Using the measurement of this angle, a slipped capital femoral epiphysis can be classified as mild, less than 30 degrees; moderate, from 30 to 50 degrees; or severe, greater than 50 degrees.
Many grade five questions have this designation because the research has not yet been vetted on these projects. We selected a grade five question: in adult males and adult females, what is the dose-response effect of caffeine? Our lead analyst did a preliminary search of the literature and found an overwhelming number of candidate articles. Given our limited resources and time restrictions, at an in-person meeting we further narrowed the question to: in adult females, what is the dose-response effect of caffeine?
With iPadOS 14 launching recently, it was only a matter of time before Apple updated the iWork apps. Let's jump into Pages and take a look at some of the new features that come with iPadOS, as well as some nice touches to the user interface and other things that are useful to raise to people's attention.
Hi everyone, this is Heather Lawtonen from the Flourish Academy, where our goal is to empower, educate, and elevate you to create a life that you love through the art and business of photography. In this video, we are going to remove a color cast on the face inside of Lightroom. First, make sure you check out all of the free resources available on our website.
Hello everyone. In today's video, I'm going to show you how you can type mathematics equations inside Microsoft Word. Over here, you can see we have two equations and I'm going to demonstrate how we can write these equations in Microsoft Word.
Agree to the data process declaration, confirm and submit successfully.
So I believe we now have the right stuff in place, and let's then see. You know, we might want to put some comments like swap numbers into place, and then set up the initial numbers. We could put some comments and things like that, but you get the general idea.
* * *
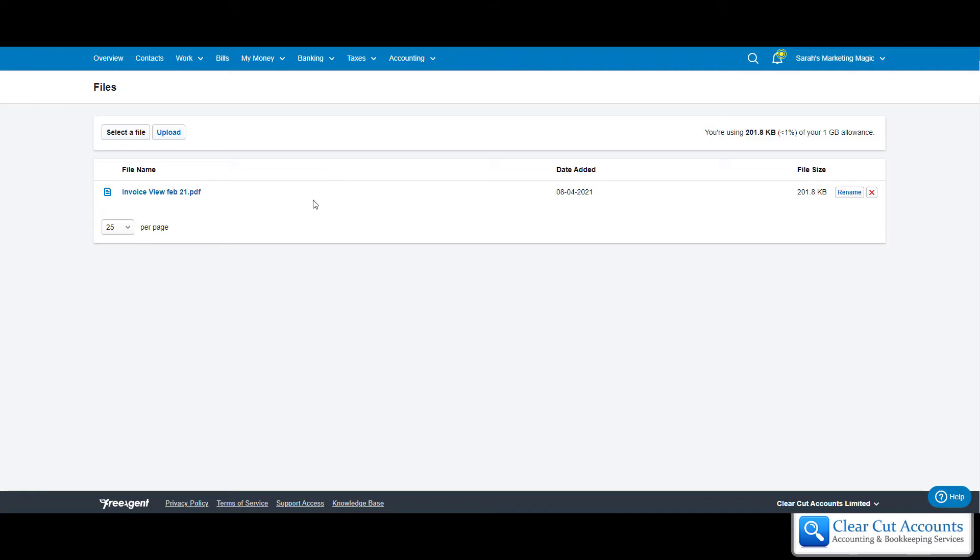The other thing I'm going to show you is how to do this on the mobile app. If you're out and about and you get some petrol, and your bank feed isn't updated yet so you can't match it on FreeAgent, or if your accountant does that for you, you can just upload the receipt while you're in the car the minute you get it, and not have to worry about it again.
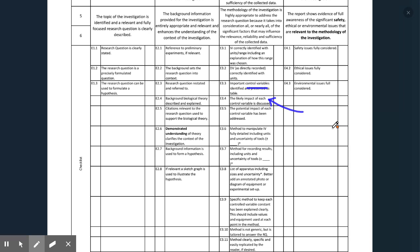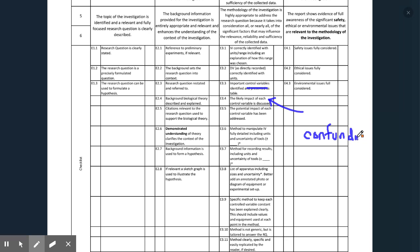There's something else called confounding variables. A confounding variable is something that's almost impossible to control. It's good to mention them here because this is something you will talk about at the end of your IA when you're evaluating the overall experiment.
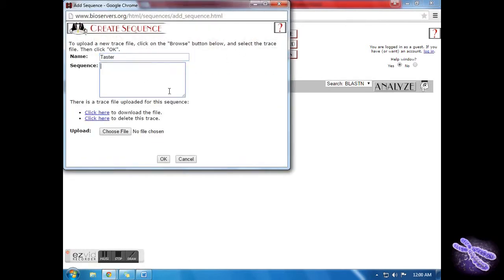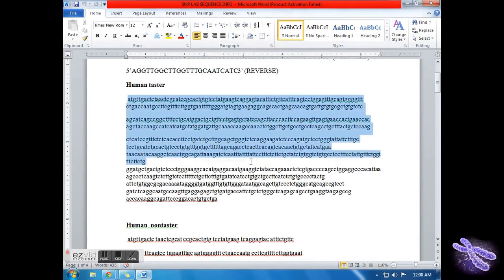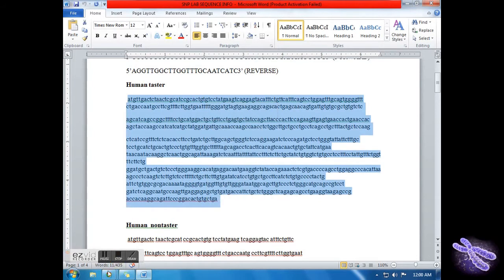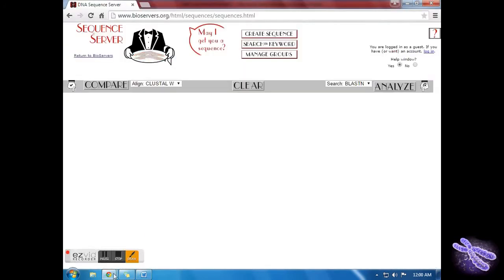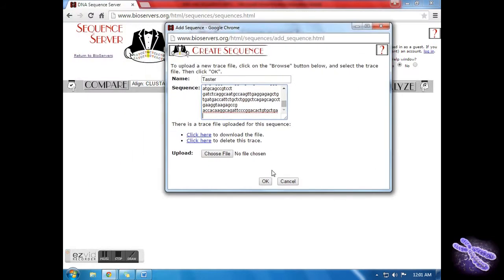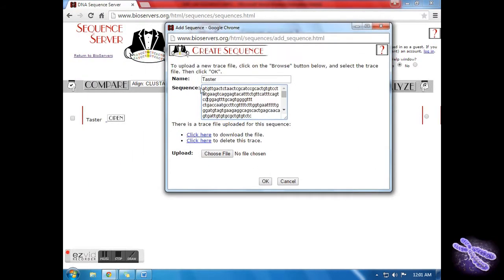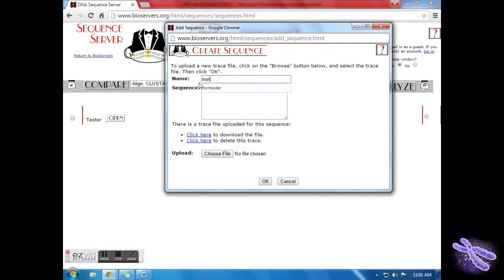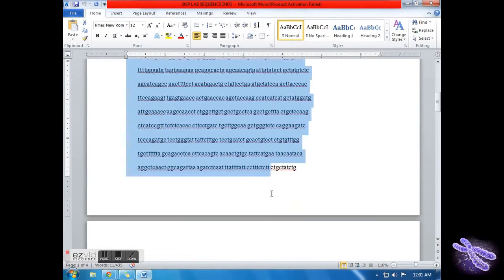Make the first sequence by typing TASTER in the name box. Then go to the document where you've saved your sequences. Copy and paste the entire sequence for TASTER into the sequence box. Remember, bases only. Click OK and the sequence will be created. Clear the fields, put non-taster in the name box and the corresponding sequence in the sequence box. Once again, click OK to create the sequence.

§ WORK REQUEST
The answer must be all the lines above that hold the word "things".

§ OUTPUT FOR THIS TASK
With iPadOS 14 launching recently, it was only a matter of time before Apple updated the iWork apps. Let's jump into Pages and take a look at some of the new features that come with iPadOS, as well as some nice touches to the user interface and other things that are useful to raise to people's attention.
So I believe we now have the right stuff in place, and let's then see. You know, we might want to put some comments like swap numbers into place, and then set up the initial numbers. We could put some comments and things like that, but you get the general idea.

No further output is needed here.